* **Stored entries**
════════════════

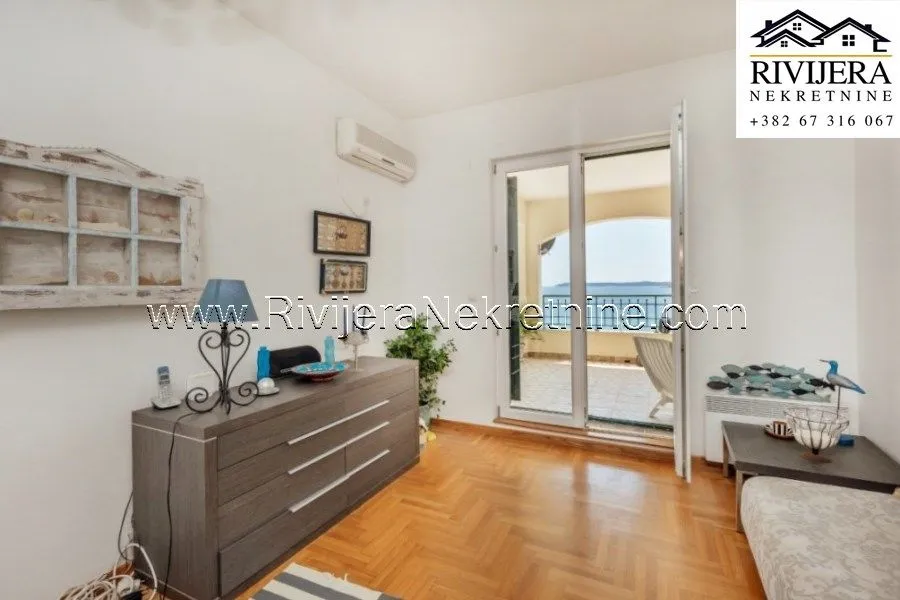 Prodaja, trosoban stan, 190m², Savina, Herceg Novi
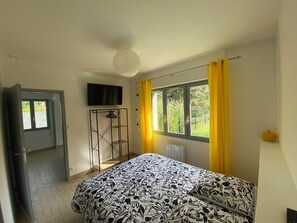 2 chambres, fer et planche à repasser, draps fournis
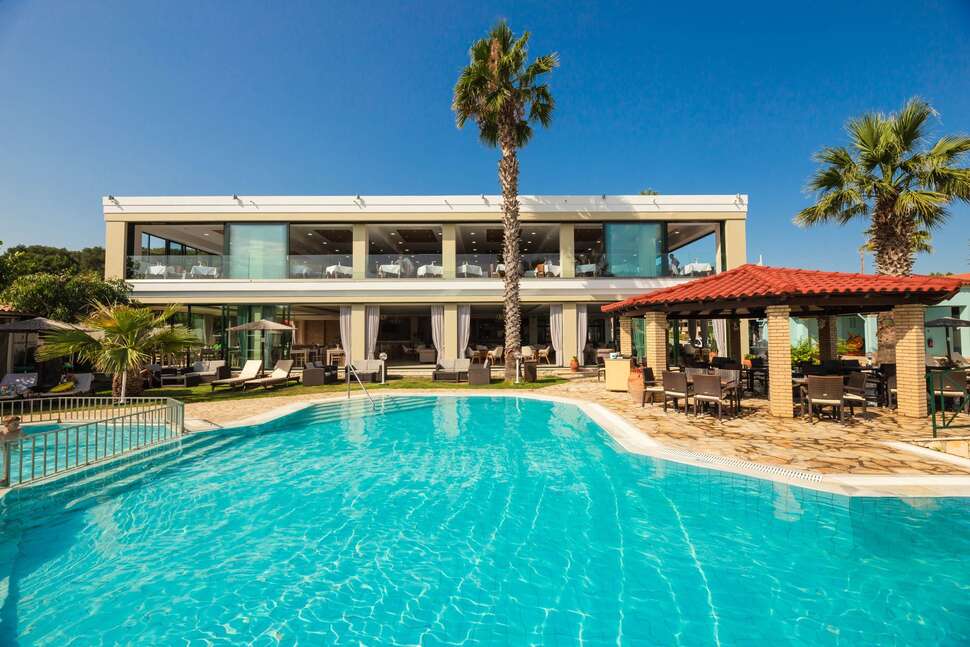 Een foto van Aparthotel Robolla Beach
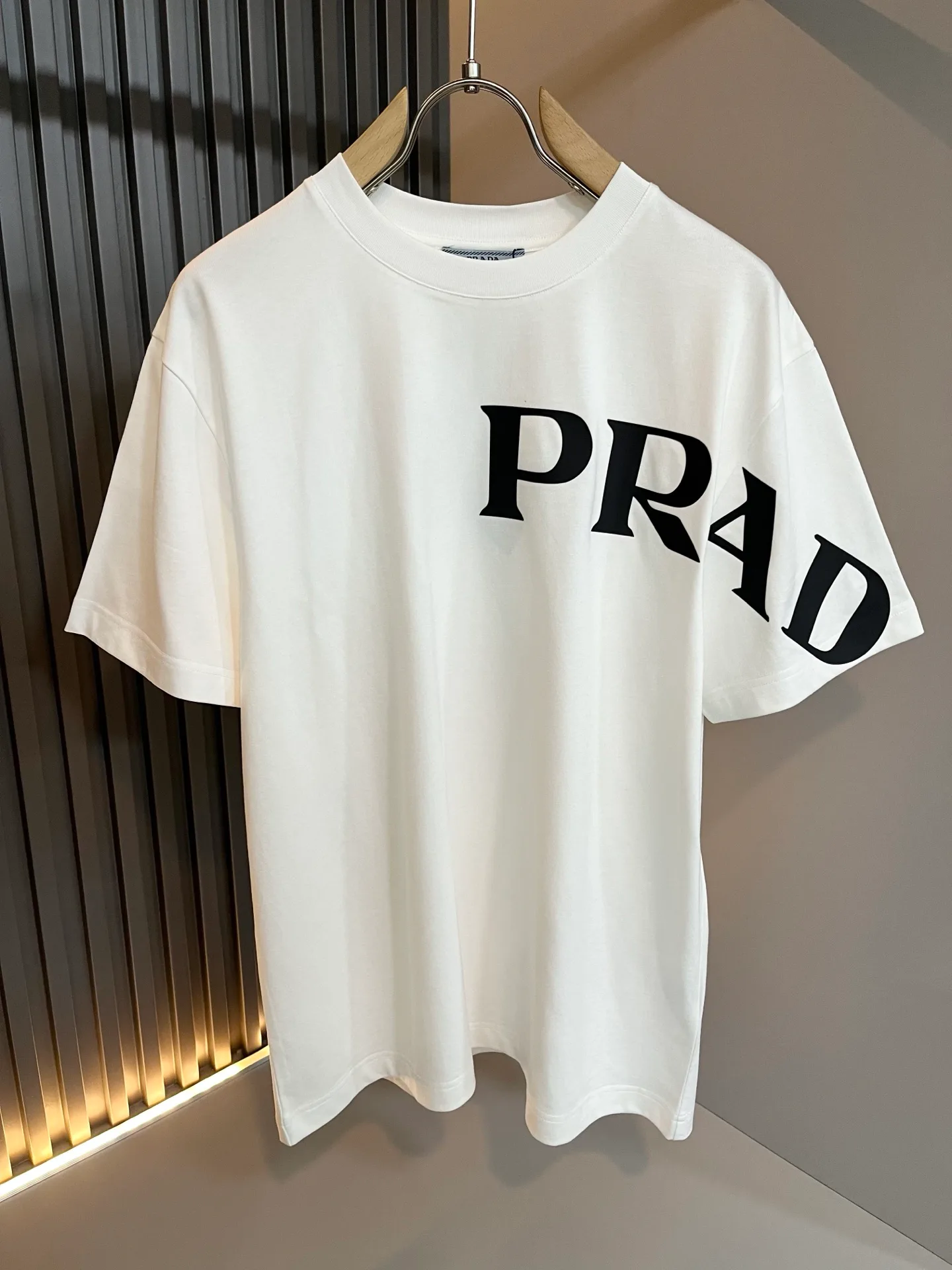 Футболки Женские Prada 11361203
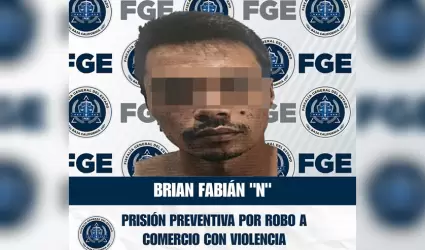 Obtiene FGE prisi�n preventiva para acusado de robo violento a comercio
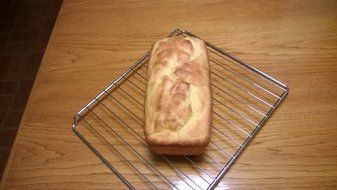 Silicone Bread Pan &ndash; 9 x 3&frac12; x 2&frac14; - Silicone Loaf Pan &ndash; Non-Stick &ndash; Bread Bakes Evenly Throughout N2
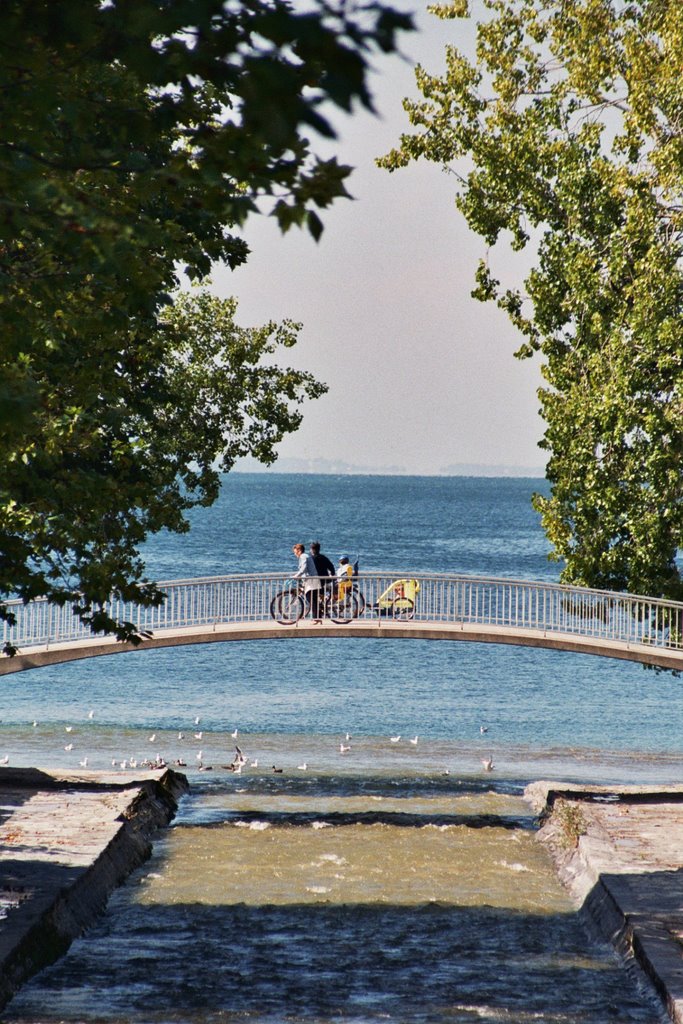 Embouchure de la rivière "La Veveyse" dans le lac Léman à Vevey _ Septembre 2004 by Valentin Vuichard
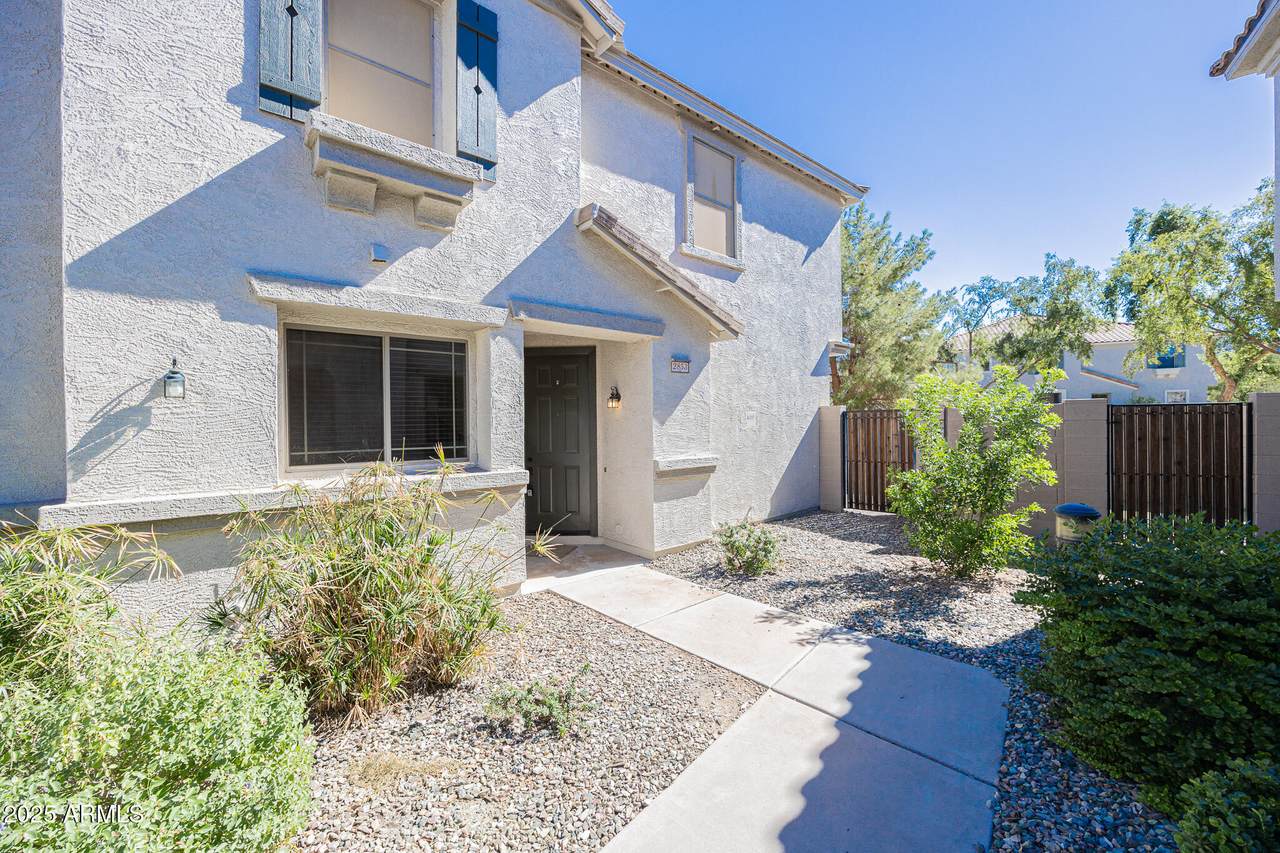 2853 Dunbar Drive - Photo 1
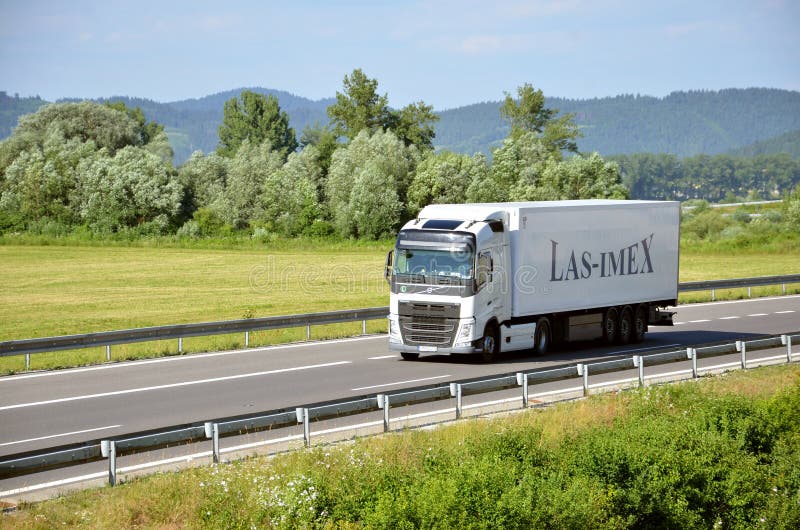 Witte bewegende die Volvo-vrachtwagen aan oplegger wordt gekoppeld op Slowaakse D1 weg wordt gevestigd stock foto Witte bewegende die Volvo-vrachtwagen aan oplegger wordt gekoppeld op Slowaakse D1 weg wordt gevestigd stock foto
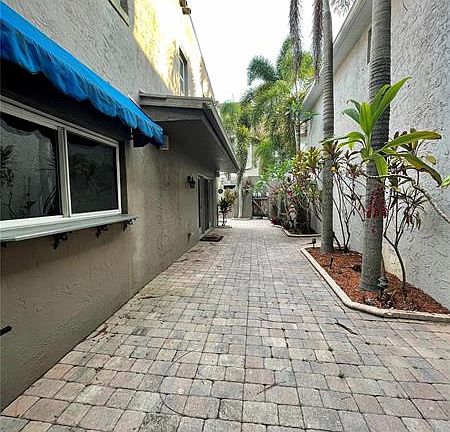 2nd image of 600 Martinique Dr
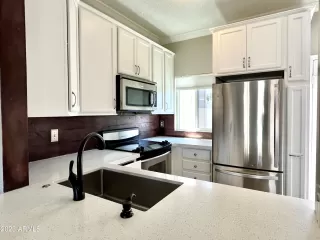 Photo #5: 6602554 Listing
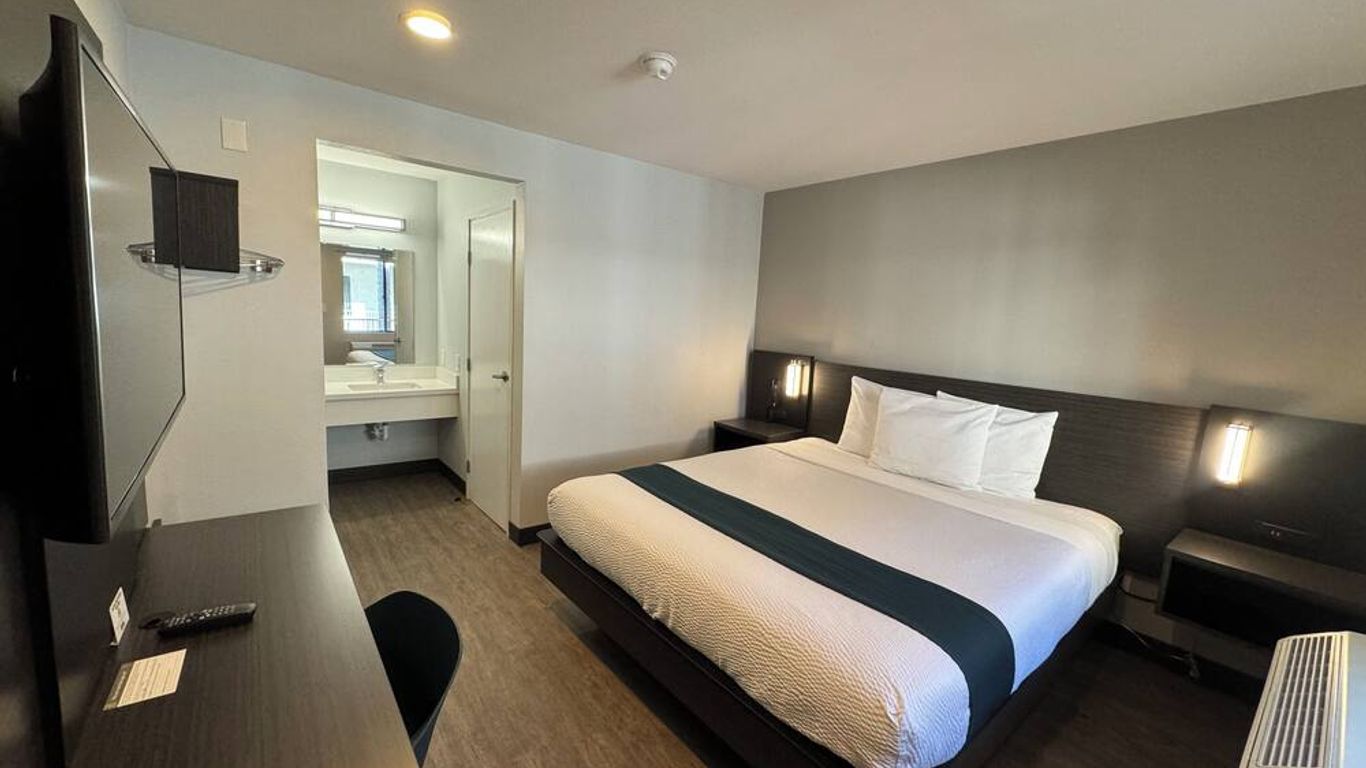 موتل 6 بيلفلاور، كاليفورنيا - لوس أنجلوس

════════════════

* **TASK OBJECTIVE**
Only one thing is required here: an exact copy of the lines from the one bearing "Obtiene FGE prisi�n" through the final line above, both included, with pictures left out.

* **ANSWER**
 Obtiene FGE prisi�n preventiva para acusado de robo violento a comercio
 Silicone Bread Pan &ndash; 9 x 3&frac12; x 2&frac14; - Silicone Loaf Pan &ndash; Non-Stick &ndash; Bread Bakes Evenly Throughout N2
 Embouchure de la rivière "La Veveyse" dans le lac Léman à Vevey _ Septembre 2004 by Valentin Vuichard
 2853 Dunbar Drive - Photo 1
 Witte bewegende die Volvo-vrachtwagen aan oplegger wordt gekoppeld op Slowaakse D1 weg wordt gevestigd stock foto Witte bewegende die Volvo-vrachtwagen aan oplegger wordt gekoppeld op Slowaakse D1 weg wordt gevestigd stock foto
 2nd image of 600 Martinique Dr
 Photo #5: 6602554 Listing
 موتل 6 بيلفلاور، كاليفورنيا - لوس أنجلوس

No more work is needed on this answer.